Argos.—Sí, pero este final va a quedar muy prosaico.

Ulises.—¿Y qué propones?

Argos.—Como de seguro que algún poeta estúpido con ansias de inmortalidad escribirá sobre ti y tus hazañas, ¿no quedaría bien que contara cómo solamente tu perro te reconoció, cuando ni sirvientes ni familiares ni tu propio hijo lo hicieron?

Ulises.—Tienes razón. Resultaría muy poético y los amantes de los perros de los siglos futuros verían en ti un ejemplo conmovedor.

Argos.—¿Verdad que sí?

Ulises.—Y quedaría mejor aún si yo fingiera no conocerte, para que no se descubriera mi personalidad.

Argos.—¡Eso!

Ulises.—Yo querría abrazarte, pero no podría hacerlo y tendría que contener mis lágrimas.

Argos.—(Entusiasmado por el relato.) Y yo me acercaría a ti y tú tendrías que apartarme de tu lado, puesto que no me conocías.

Ulises.—Y, para dar más realismo a mi comedia, te daría una patada en medio de los morros.

Argos.—(Dolido.) Eso ya lo has hecho, amo, delante de los soldados.

Ulises.—(Avergonzado.) Bueno, sí; pero sabes que no quería. Perdóname otra vez.

Argos.—Está en mi naturaleza perdonarte y quererte siempre, amo.

Ulises.—Lo sé. Es una de las pocas cosas que sé con certeza en este mundo.

Argos.—Y, para darle aún más emoción al encuentro, yo me moriría al ver que pasabas por mi lado sin detenerte.

Ulises.—Ese sería un final excelso para el episodio.

Argos.—Un final homérico.

Ulises.—(Indignado.) ¿Pero va a ser ese cretino de Homero el que escriba sobre mis aventuras?

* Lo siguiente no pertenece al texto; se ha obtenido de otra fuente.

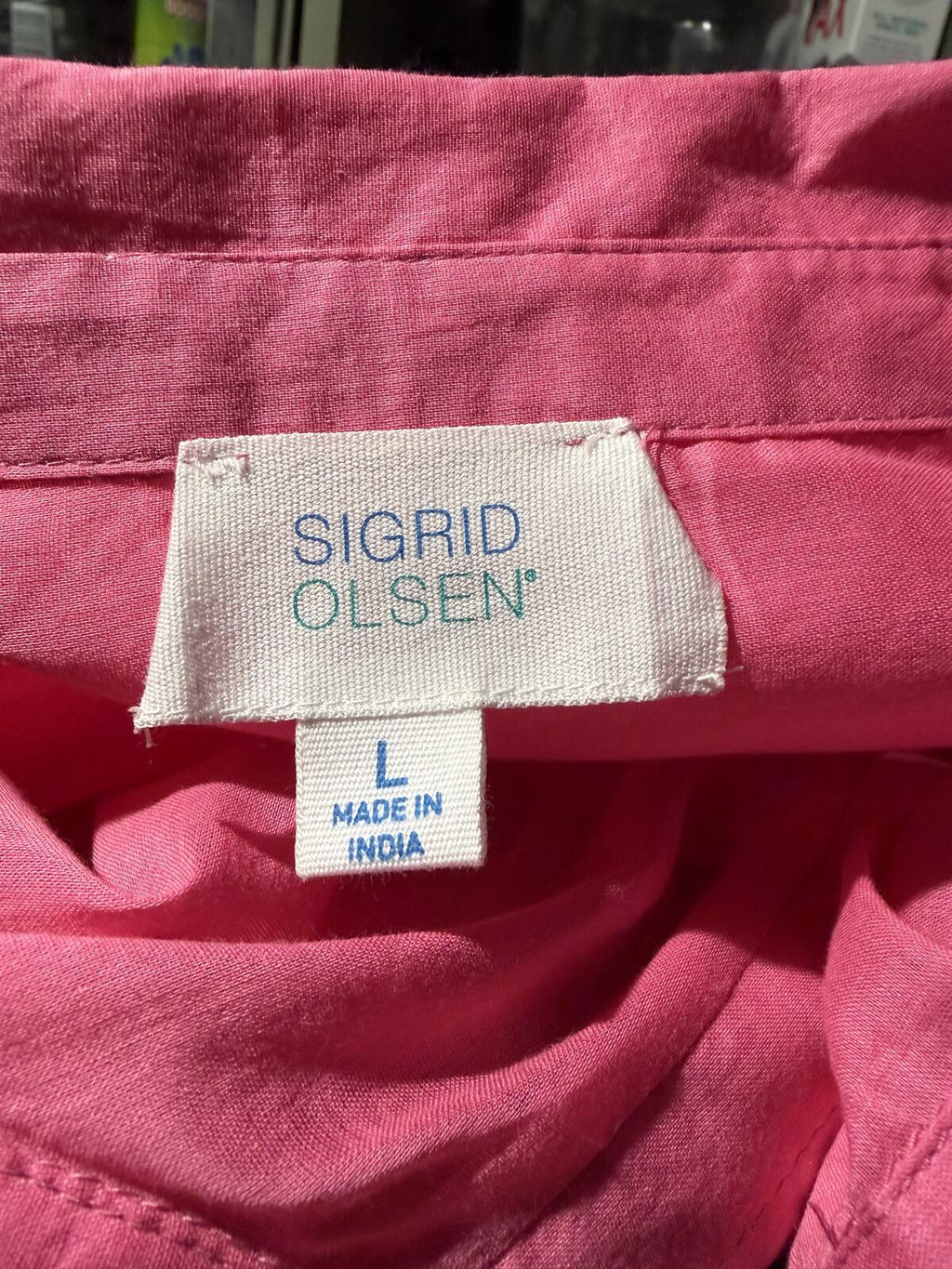 Sigrid Olsen Long Sleeve Pink Button-Up Shirt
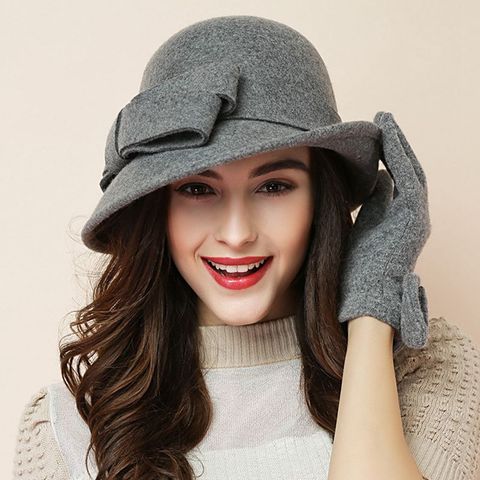 Women Party Formal Headwear Lady Winter Fashion Asymmetric Bowknot 100% Wool Felt Hats ► Photo 1/6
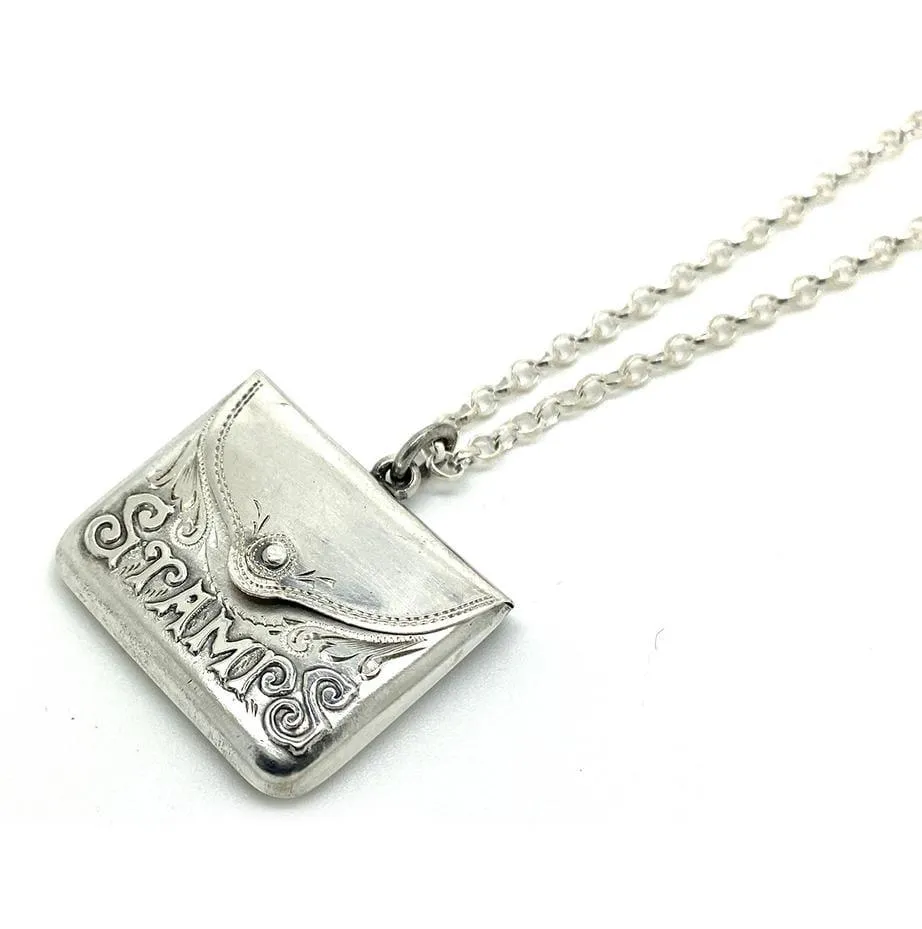 Antique 1915 Silver Stamp Case Necklace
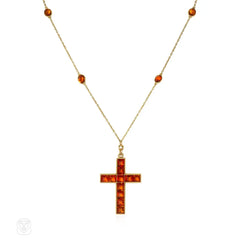 Art Deco citrine cross necklace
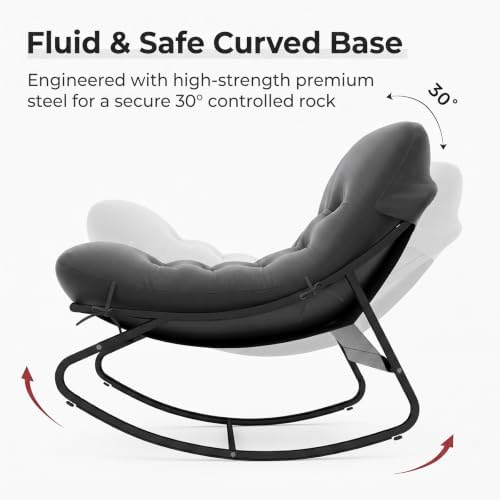 Aoxun Outdoor Rocking Chair with Ottmans, Cozy Papasan Rocking Chair with Thi...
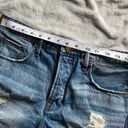 Good American  Ultra High Rise Destroyed Distressed Denim Mini Booty Shorts 28 Photo 5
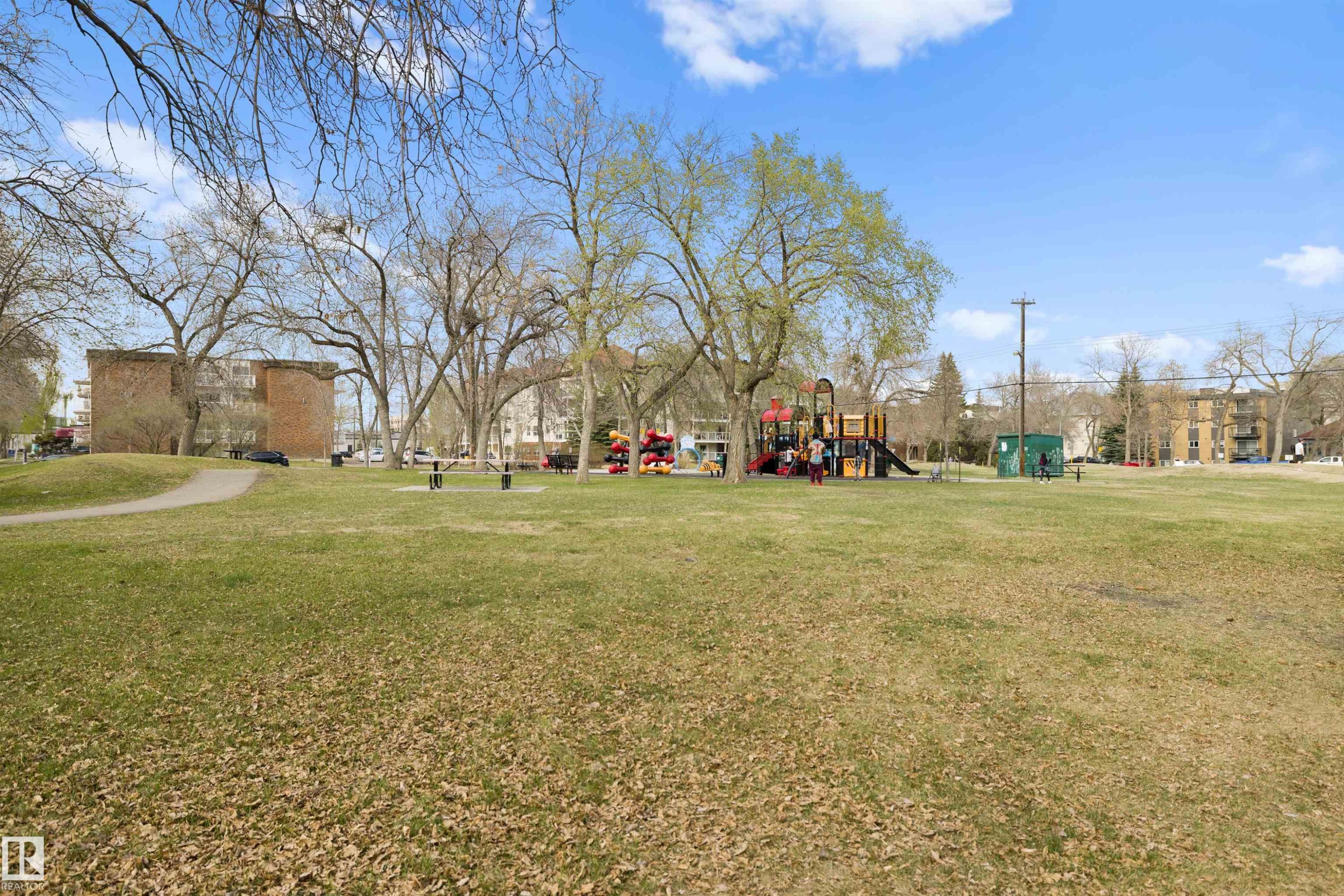 Expansive green space featuring a playground structure with slides and climbing elements, mature trees, and a paved walking path - #206 10232 115 St Nw, Edmonton, AB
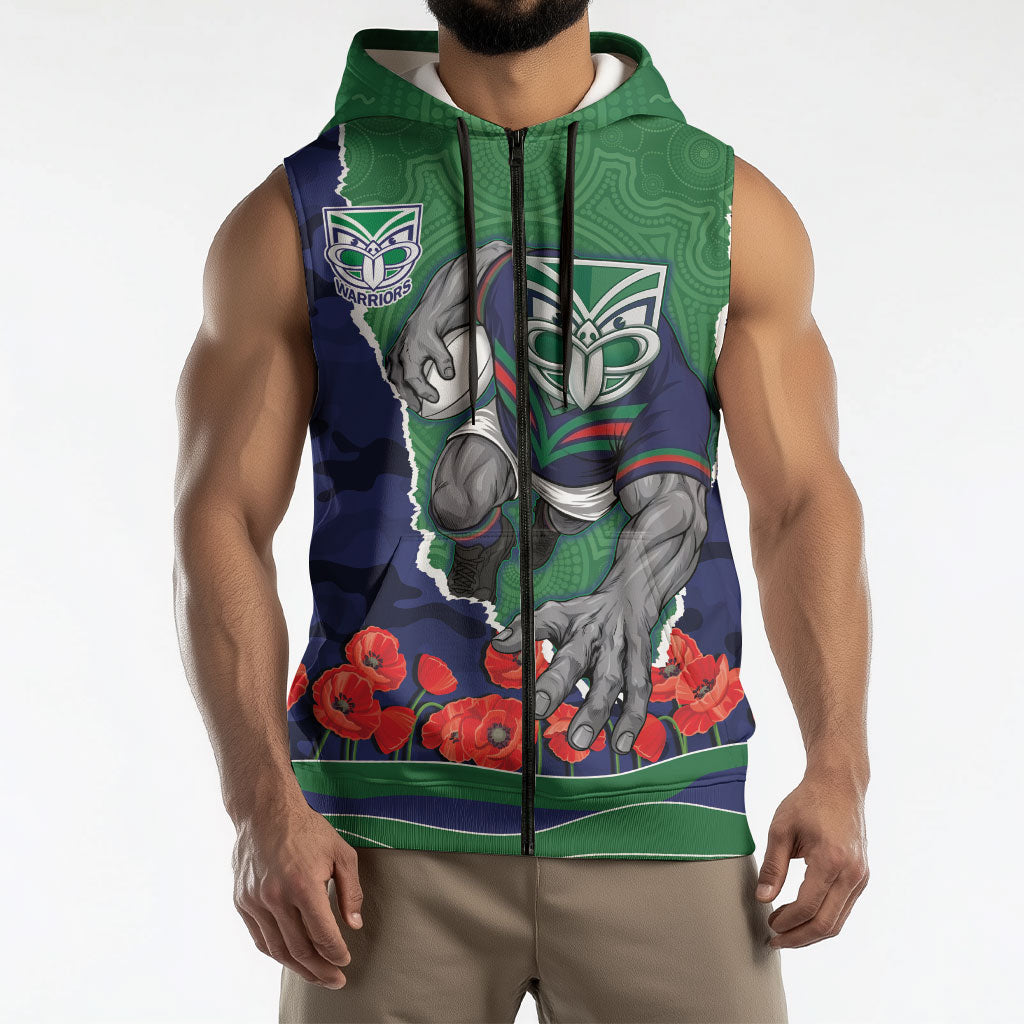 Personalized New Zealand Warriors ANZAC Tribute Sleeveless Zip Hoodie Poppy Field Soldier Silhouette Aboriginal Rugby Mascot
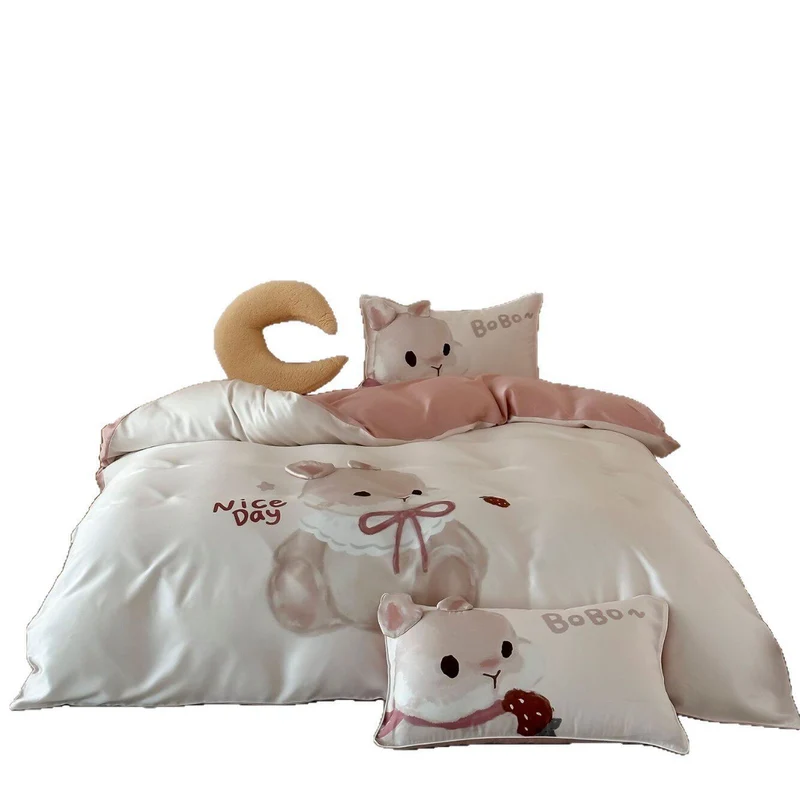 Kinder-Bettwäsche-Set mit niedlichem Pinguin-Motiv aus weichem Baumwollsatin und extraweichem Kopfkissen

Argos.—¿Qué quieres? Es el cronista oficial del reino y cobra un sueldo precisamente por relatar hechos de este tipo.

Ulises.—Bueno, pues que lo cuente Homero, pues, si no hay otro remedio. Pero que conste que siempre me ha parecido un autorcete de tres al cuarto sin pizca de imaginación. Estoy convencido de que no irá a ninguna parte ni se hablará jamás de él.

Argos.—Como fuere, nuestra historia acabará por conocerse y será inmortal. Como la de Romeo y Julieta.

Ulises.—(Acariciándole la cabeza al perro. Con orgullo.) Argos, perro de Ulises. (Tras una pausa.) En fin, me voy a matar a unos cuantos imbéciles. (Hace mutis.)

Argos.—(Pensativo.) Y ahora es cuando yo me muero de verdad, porque, historias aparte, estoy viejísimo y si me he mantenido con vida hasta hoy, ha sido tan solo para poder ver a mi amo una última vez. ¡Guau! (Argos muere lentamente.)